How to complete this task> Set down each line from the line holding "all-about-camels-deser-header" to the last line of the entries below, exactly, with both ends included and without pictures.

Given data>

------------------------------------------------------------------------

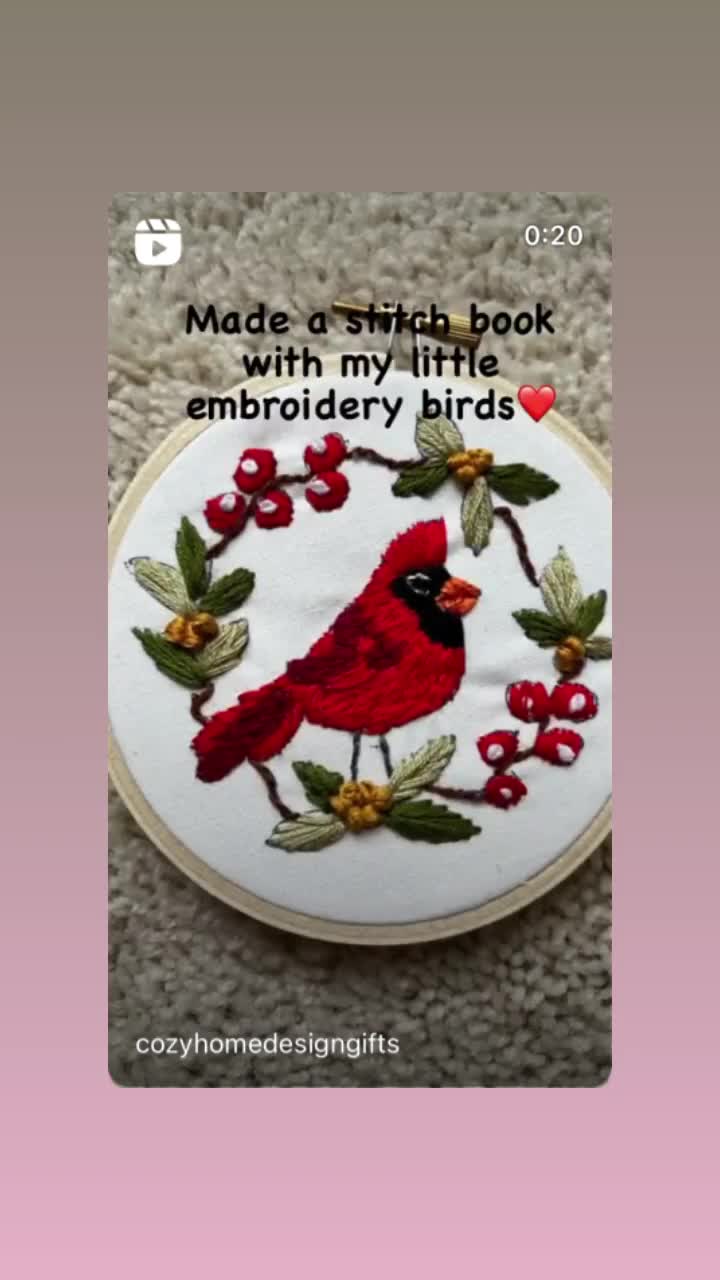 Stick and Stitch Embroidery Patterns / Backyard Birds / Water Soluble  Designs / Instructions Included 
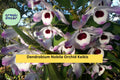 Dendrobium Nobile Orchid Keikis – Live Baby Plants for Propagation, Fragrant Pink, White, Lavender Blooms, Indoor or Greenhouse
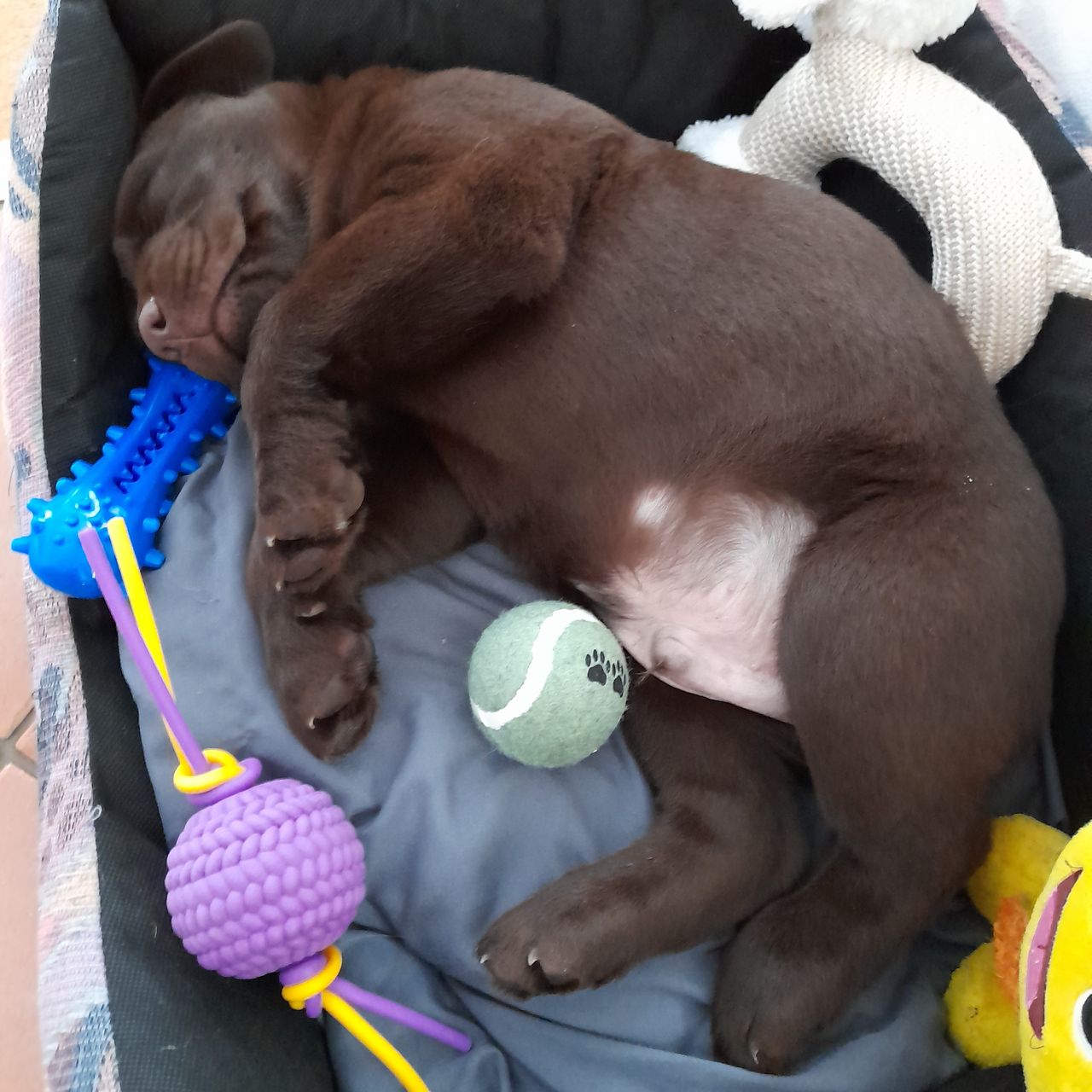 Soutěžní fotografie - Lukáš Viktorčin sen,  Labradorský retriever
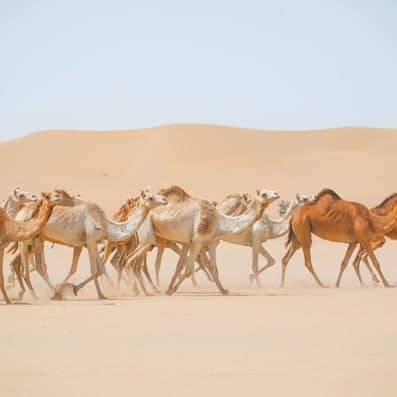 all-about-camels-deser-header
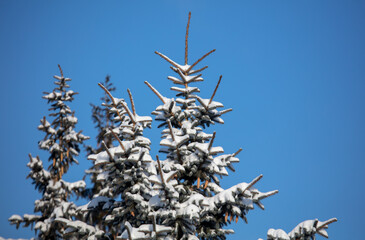 Branches of a coniferous tree in the snow against a blue sky.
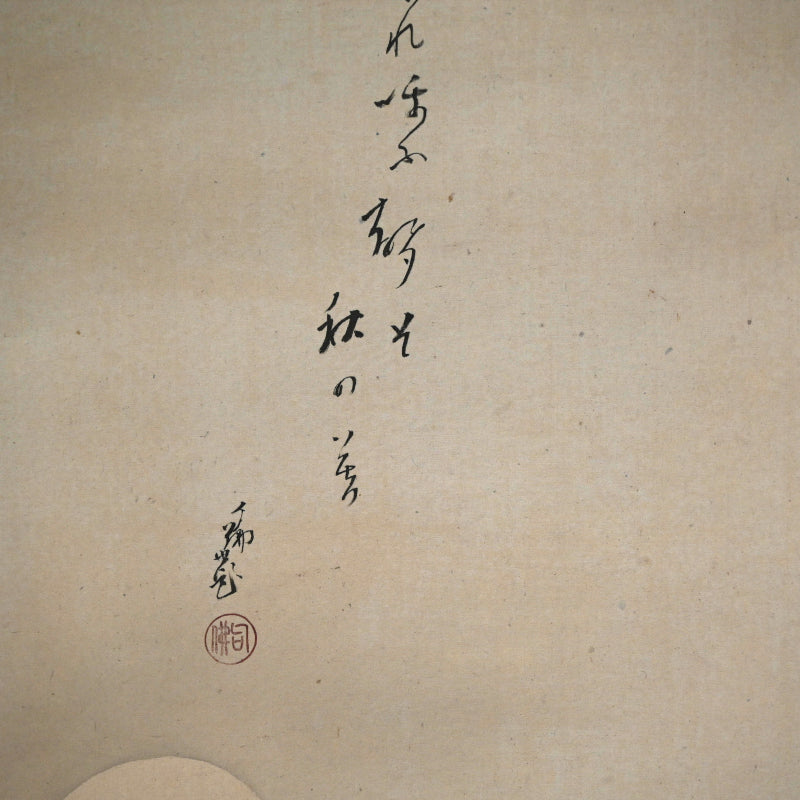 放浪僧に擬態する月夜の狐 ー大谷仏句「たぬき」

------------------------------------------------------------------------

Exercise answer>
 all-about-camels-deser-header
 Branches of a coniferous tree in the snow against a blue sky.
 放浪僧に擬態する月夜の狐 ー大谷仏句「たぬき」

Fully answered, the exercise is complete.